On Thursday, members of the Hancock County METRICH Drug Task Force arrested three Findlay residents on separate drug warrants following a seven-month investigation. Two other Findlay suspects were located and arrested on warrants Thursday in Marion.

Twenty-five people, including the five on Thursday, have been arrested on drug charges in recent weeks after secret indictments were issued by a Hancock County grand jury.

There are more to be arrested, according to Findlay Police Detective Sgt. Justin Hendren.

“We’ve been busy,” Hendren said.

Many of the individuals came in contact with law enforcement and ended up getting arrested over the past several weeks, Hendren said.

On Thursday, the task force targeted around 13 people for arrest. Gathering before the sun rose, members of the task force discussed who they wanted off the street.

“We’re putting drug dealers in jail,” Hendren said. “It’s kind of a wake-up call. Probably within the next hour or two, there’s going to be a lot of nervous drug dealers.”

Dustin D. Boes, 34, Vincent R. Turner, 25, and Brae A. Cook, 26, all of Findlay, were arrested Thursday by authorities for drug-related charges.
Amanda A. Bryan, 34, and Joshua K. Combs, 27, both of Findlay, were located by Marion authorities and arrested on local charges Thursday.

“Any time we can take a known drug dealer off the street and make heroin or whatever drug they’re selling less available in our community, it’s a success,” Hendren said.

Additional secret indictments are outstanding and will be pursued, said Hancock County Sheriff’s Detective Sgt. Jason Seem.

“Hopefully this will send a message to drug dealers that we are actively pursuing them and we won’t stop until we catch them,” Seem said.

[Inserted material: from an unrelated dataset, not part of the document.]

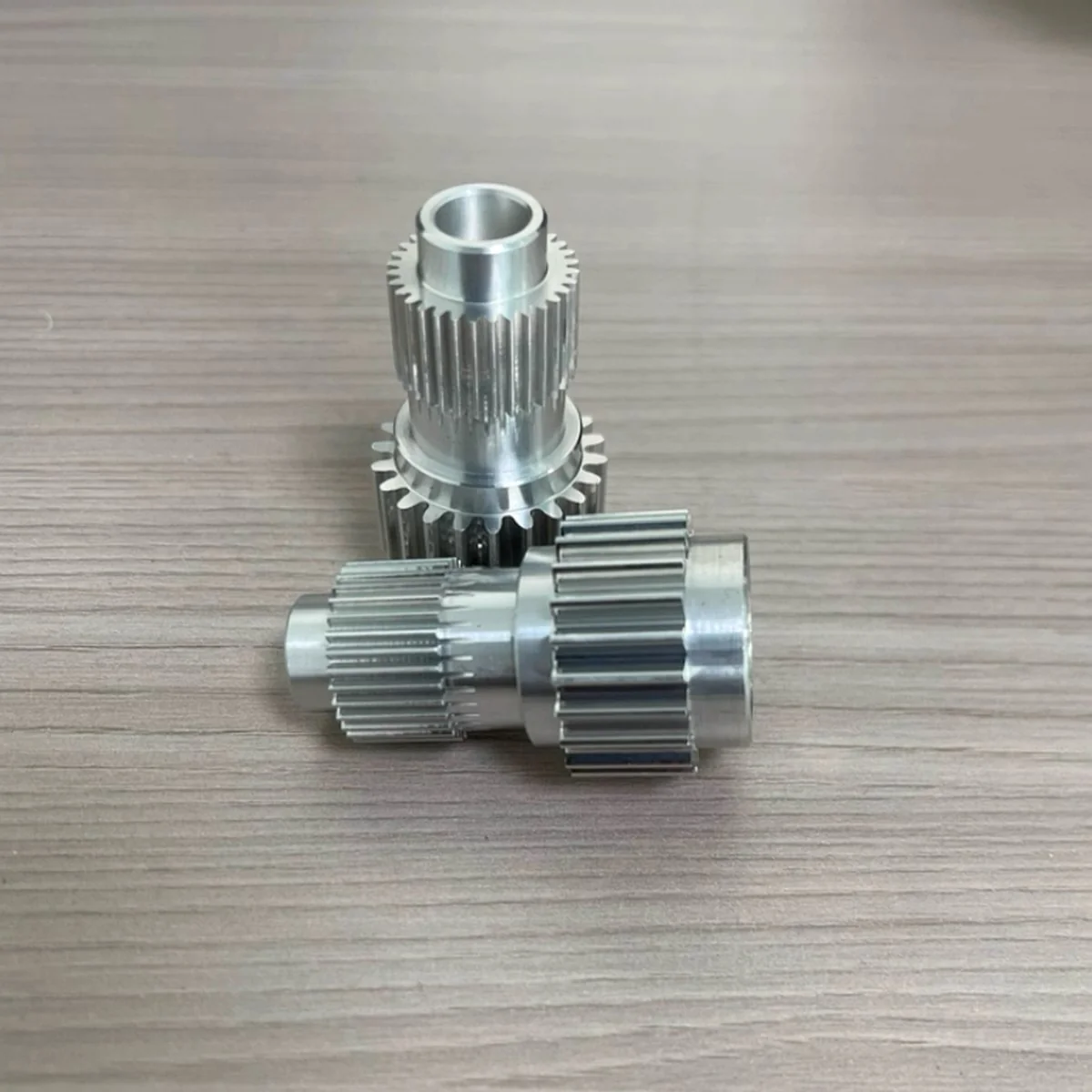 CNC-turned aluminum parts batch — EKINSUN custom connectors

The number of drug possession and drug trafficking cases continues to increase each year, Hancock County Prosecutor Mark Miller said.

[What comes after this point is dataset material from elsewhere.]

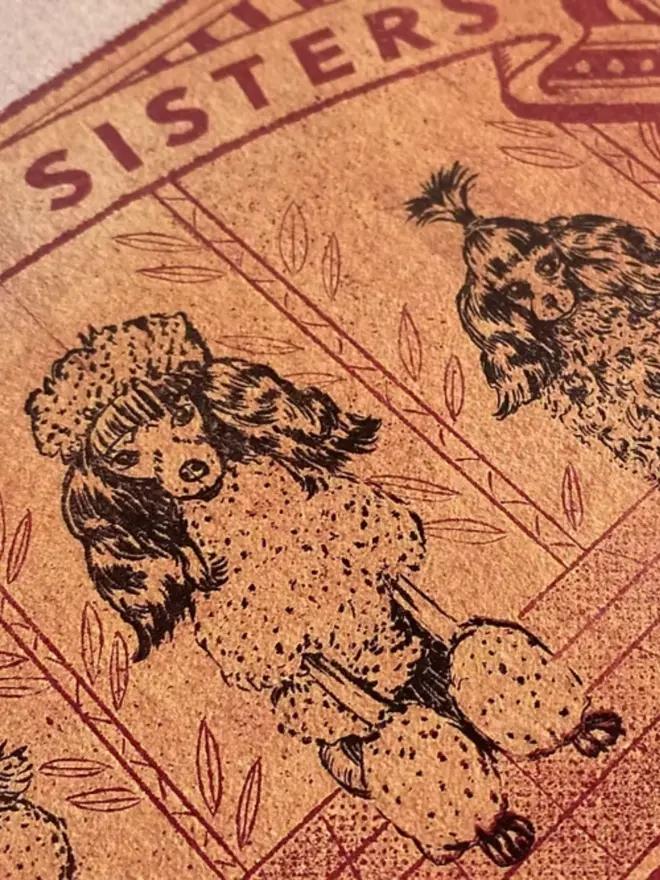 An illustrated image of a vintage matchbox. The matchbox is a faded golden yellow with red details. It features three poodles standing side-by-side. The poodles are highly stylized, with fluffy fur and topiary-like shapes. The poodle on the left has a puffball on its head, the middle poodle has a large, rounded bouffant, and the poodle on the right has its hair styled into a single upright spike. Above them, the text reads, "THE SLAY SISTERS," and below them, it says, "CARIDADE TRADE MARK IMPREGNATED SAFETY MATCH." The matches on the side of the box are a heart shape, and the entire image has a grainy texture, like it was screen-printed.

Locating a suspect can pose a large challenge for law enforcement because “they don’t stay put very long,” Hendren said.

“The folks that have been in the system and have been around the block, they know what they’re doing,” Hendren said. “When they’re moving narcotics, they know it draws attention so … they don’t stay in the same spot very long.”

Officials sometimes obtain information about drug activity from Hancock County residents. Sometimes those tips include limited information, leaving law enforcement to put the pieces together.

“There’s a lot of things that go on behind the scene that are very, very time-consuming that sometimes the general public doesn’t quite understand,” Hendren said.

“I’d love to wrap up a case in a week but it’s just not going to happen,” he said.

Police spent time Thursday searching for a home, with an unknown house number or street name, based on a tip. The home was eventually located based on clues from a photo.

Looking for one person, who may or may not be living in such a residence, takes a lot of time, Hendren said. But police have to look into it, he said.
Building a case also takes surveillance to confirm what a tipster says is happening, Hendren said.

“This is the part they don’t see,” Findlay Police Sgt. Brian Dill said.

“I wish they could see some of the work behind the scenes so they could actually see our part and that we’re making an effort,” Dill said.

The Hancock METRICH Drug Enforcement Unit is supported by METRICH in Mansfield and funded in part by the state Office of Criminal Justice Services.